Insufficient training data is a major bottleneck for most deep learning practices, not least in medical imaging where data is difficult to collect and publicly available datasets are scarce due to ethics and privacy. This work investigates the use of synthetic images, created by generative adversarial networks (GANs), as the only source of training data. We demonstrate that for this application, it is of great importance to make use of multiple GANs to improve the diversity of the generated data, i.e. to sufficiently cover the data distribution. While a single GAN can generate seemingly diverse image content, training on this data in most cases lead to severe over-fitting. We test the impact of ensembled GANs on synthetic 2D data as well as common image datasets (SVHN and CIFAR-10), and using both DCGANs and progressively growing GANs. As a specific use case, we focus on synthesizing digital pathology patches to provide anonymized training data.
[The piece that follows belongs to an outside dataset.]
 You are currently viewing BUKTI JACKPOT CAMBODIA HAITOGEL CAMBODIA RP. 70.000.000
Unsupervised anomaly detection in digital pathology using GANs

Machine learning (ML) algorithms are optimized for the distribution represented by the training data. For outlier data, they often deliver predictions with equal confidence, even though these should not be trusted. In order to deploy ML-based digital pathology solutions in clinical practice, effective methods for detecting anomalous data are crucial to avoid incorrect decisions in the outlier scenario. We propose a new unsupervised learning approach for anomaly detection in histopathology data based on generative adversarial networks (GANs). Compared to the existing GAN-based methods that have been used in medical imaging, the proposed approach improves significantly on performance for pathology data. Our results indicate that histopathology imagery is substantially more complex than the data targeted by the previous methods. This complexity requires not only a more advanced GAN architecture but also an appropriate anomaly metric to capture the quality of the reconstructed images.
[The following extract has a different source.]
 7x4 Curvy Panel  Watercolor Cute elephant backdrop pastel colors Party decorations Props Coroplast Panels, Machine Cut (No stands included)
Survey of XAI in digital pathology

Artificial intelligence (AI) has shown great promise for diagnostic imaging assessments. However, the application of AI to support medical diagnostics in clinical routine comes with many challenges. The algorithms should have high prediction accuracy but also be transparent, understandable and reliable. Thus, explainable artificial intelligence (XAI) is highly relevant for this domain. We present a survey on XAI within digital pathology, a medical imaging sub-discipline with particular characteristics and needs. The review includes several contributions. Firstly, we give a thorough overview of current XAI techniques of potential relevance for deep learning methods in pathology imaging, and categorise them from three different aspects. In doing so, we incorporate uncertainty estimation methods as an integral part of the XAI landscape. We also connect the technical methods to the specific prerequisites in digital pathology and present findings to guide future research efforts. The survey is intended for both technical researchers and medical professionals, one of the objectives being to establish a common ground for cross-disciplinary discussions.
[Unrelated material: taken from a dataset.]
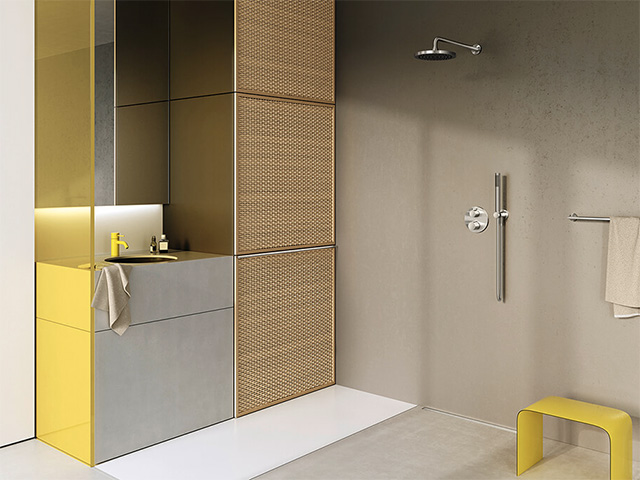 yellow bathroom built in storage - smart ideas for bathroom storage - home improvements - granddesignsmagazine.com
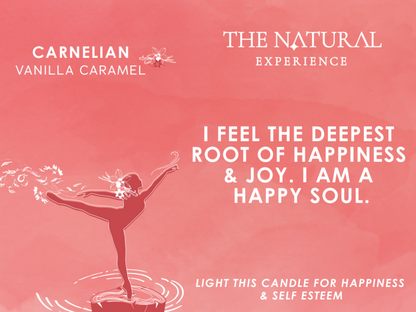 Carnelian – Candle for Happiness and Self-Esteem – Vanilla Caramel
A Closer Look at Domain Shift for Deep Learning in Histopathology

Domain shift is a significant problem in histopathology. There can be large differences in data characteristics of whole-slide images between medical centers and scanners, making generalization of deep learning to unseen data difficult. To gain a better understanding of the problem, we present a study on convolutional neural networks trained for tumor classification of H&E stained whole-slide images. We analyze how augmentation and normalization strategies affect performance and learned representations, and what features a trained model respond to. Most centrally, we present a novel measure for evaluating the distance between domains in the context of the learned representation of a particular model. This measure can reveal how sensitive a model is to domain variations, and can be used to detect new data that a model will have problems generalizing to. The results show how learning is heavily influenced by the preparation of training data, and that the latent representation used to do classification is sensitive to changes in data distribution, especially when training without augmentation or normalization.